L’adilà non era riservato solo al faraone. Dopo la morte, a separarsi dal corpo era dapprima il ka del defunto (la sua essenza vitale) , seguito, dopo la cerimonia funebre, dal ba (l’anima). Il viaggio nell’oltretomba iniziava sotto la protezione di Horo (rappresentato in forma di uomo con la testa di falco) che scortava il defunto davanti al tribunale divino. Ma prima di questo, la salma doveva essere stata correttamente imbalsamata e posto nel sarcofago, contornata di suppellettili e cibo e dalle formule propiziatorie contenute nel Libro dei morti. Questi oggetti non erano altro che il corredo per l’oltretomba, tanto più ricco quanto più elevata era stata la posizione sociale in vita.

UNA GRANDE FAMIGLIA
Il Pantheon egizio fu il risultato della progressiva assimilazione di molteplici divinità locali.
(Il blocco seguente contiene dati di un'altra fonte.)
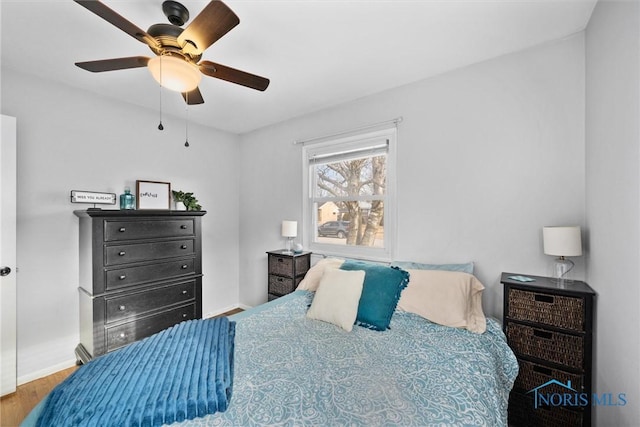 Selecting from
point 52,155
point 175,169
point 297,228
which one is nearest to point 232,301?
point 297,228

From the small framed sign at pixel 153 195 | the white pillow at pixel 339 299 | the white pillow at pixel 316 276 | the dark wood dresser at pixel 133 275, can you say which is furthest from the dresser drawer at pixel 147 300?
the white pillow at pixel 339 299

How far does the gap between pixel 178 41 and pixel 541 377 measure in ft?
Answer: 9.42

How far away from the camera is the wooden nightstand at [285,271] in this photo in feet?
9.82

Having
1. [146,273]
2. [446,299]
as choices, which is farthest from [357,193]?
[146,273]

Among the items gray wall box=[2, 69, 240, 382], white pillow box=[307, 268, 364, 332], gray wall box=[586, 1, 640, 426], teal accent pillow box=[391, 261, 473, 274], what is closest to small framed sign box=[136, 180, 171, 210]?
gray wall box=[2, 69, 240, 382]

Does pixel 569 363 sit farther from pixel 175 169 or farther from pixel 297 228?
pixel 175 169

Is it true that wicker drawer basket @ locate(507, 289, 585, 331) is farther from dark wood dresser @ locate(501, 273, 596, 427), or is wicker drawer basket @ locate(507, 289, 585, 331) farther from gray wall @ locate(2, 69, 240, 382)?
gray wall @ locate(2, 69, 240, 382)

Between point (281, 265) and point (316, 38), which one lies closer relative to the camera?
point (316, 38)

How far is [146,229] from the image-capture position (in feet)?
8.67

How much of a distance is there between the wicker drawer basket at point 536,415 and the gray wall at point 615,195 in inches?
4.8

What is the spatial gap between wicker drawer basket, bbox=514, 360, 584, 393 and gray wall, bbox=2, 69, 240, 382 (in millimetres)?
3764

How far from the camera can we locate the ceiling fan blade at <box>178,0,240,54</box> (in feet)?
3.93

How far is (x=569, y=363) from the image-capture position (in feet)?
5.17

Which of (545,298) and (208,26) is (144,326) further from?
(545,298) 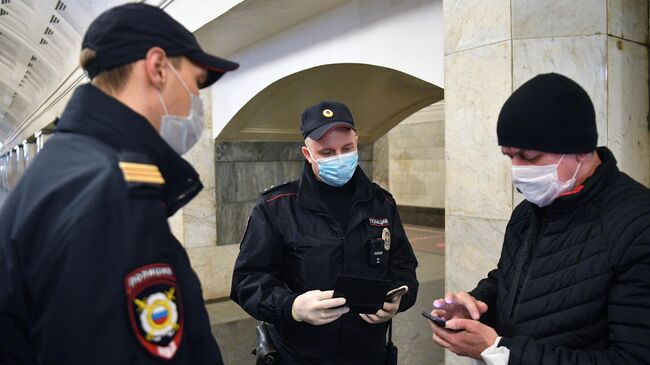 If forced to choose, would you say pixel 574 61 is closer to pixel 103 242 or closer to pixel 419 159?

Menfi, tebe, Eliopoli ed Elefantina forono le sedi principali di culto, in cui gli dei furono organizzati in triadi familiari e in una enneade (nucleo di nove divinità, più altre collegate).
Enneade di Eliopoli:
ATUM-RA= Divinità solare, creò l’universo;
 MAAT = Energia coesiva dell’universo. Sovrintende all’ordine cosmico e alla giustizia;
SHU= incarnazione del Secco. Fratello e sposo di Tefnut; TEFNUT Dea che incarna l’Umido. La criniera è attributo di forza;
GEB=   Fratello e sposo di Nut. Dio della terra;
NUT =  Sorella e sposa di Geb. Dea del cielo;
ISIDE =    Dea madre, regina e maga;
OSIRIDE =  Dio risorto, re dell’oltretomba;
NEFTI = Patrona della casa, madre di Anubi;
SETH =  Dio del caos, uccisore di Osiride;
HATHOR = Vacca celeste, dea dell’amore;
HORO =   Dio falco patrono dell’Egitto;
ANUBI = Dio sciacallo  custode dei segreti;
THOT = Dio ibis patrono degli scribi.

Triade di Menfi:
PTAH = Creatore, patrono degli artigiani;
SEKHMET = Dea leonessa divinità solare.
API = Toro solare, animale sacro a Ptah;
NEFERTUM = Dio dei profumi il cui simbolo è illoto;

Triade di Tebe:
AMON “ Il nascosto” il suo animale è l’ariete;
MUT = Dea della guerra e dell’inondazione.
KHONSU Dio della luna, con codino da fanciullo;

Triade di Elefantina:
KHNUM = Dio ariete, modellò gli uomini al tornio
SATET = Dea dell’amore, con corna d’antilope;
ANUQUET = Figlia divina, dal copricapo di piume;

Altre Divinità:
SOBEK = Dio coccodrillo delle acque del Nilo,
BES = Protettore di donne e bambini;
NEKHBET = Dea avvoltoio, patrona dell’Alto Egitto;
UADJET = Dea cobra, patrona del Basso Egitto;

BASTET = Dea gatta, sorella lunare di Sekhmet.